Return only the lines of the listing below that run from the line with "Accountants and other" through the line with "Hey everybody and", both ends included, exactly as written.

• _Listed records_:
......

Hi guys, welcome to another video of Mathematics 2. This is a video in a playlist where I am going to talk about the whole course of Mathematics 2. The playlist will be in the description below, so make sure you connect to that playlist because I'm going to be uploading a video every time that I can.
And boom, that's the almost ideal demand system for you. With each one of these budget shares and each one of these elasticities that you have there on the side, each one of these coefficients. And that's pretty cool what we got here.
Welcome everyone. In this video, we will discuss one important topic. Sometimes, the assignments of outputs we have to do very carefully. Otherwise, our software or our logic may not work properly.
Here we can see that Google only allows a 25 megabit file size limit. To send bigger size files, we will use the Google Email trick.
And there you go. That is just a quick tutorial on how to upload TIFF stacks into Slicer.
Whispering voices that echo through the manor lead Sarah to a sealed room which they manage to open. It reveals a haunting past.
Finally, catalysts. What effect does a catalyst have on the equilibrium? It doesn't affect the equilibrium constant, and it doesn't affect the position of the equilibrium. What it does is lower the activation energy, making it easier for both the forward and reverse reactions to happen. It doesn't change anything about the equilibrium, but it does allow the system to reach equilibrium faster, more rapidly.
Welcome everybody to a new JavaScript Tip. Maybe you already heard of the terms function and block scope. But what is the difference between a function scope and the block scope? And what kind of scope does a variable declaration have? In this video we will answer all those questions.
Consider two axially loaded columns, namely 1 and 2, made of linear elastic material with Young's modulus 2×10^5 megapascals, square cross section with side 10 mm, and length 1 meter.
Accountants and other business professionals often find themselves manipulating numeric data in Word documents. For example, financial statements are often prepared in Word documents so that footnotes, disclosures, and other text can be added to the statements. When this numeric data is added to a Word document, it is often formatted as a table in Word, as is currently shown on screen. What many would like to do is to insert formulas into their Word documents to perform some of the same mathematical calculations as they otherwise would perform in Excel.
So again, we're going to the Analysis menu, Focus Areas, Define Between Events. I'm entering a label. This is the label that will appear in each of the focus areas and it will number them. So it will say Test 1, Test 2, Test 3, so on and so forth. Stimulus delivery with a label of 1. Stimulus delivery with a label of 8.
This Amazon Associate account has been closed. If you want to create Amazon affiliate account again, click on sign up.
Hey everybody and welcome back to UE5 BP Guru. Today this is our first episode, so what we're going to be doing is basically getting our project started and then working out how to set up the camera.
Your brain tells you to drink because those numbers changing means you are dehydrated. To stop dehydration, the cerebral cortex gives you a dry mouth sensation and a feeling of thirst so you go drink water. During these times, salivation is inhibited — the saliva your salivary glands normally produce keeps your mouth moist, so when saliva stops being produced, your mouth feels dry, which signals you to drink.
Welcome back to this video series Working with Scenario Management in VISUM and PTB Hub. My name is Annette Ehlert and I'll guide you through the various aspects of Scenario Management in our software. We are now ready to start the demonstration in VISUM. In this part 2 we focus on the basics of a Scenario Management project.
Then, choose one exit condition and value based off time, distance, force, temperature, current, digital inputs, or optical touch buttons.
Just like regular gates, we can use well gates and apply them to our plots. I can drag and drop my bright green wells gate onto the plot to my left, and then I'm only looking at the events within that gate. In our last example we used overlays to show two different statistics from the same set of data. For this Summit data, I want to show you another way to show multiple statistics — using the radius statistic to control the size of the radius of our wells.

......

• _Response below_:
Accountants and other business professionals often find themselves manipulating numeric data in Word documents. For example, financial statements are often prepared in Word documents so that footnotes, disclosures, and other text can be added to the statements. When this numeric data is added to a Word document, it is often formatted as a table in Word, as is currently shown on screen. What many would like to do is to insert formulas into their Word documents to perform some of the same mathematical calculations as they otherwise would perform in Excel.
So again, we're going to the Analysis menu, Focus Areas, Define Between Events. I'm entering a label. This is the label that will appear in each of the focus areas and it will number them. So it will say Test 1, Test 2, Test 3, so on and so forth. Stimulus delivery with a label of 1. Stimulus delivery with a label of 8.
This Amazon Associate account has been closed. If you want to create Amazon affiliate account again, click on sign up.
Hey everybody and welcome back to UE5 BP Guru. Today this is our first episode, so what we're going to be doing is basically getting our project started and then working out how to set up the camera.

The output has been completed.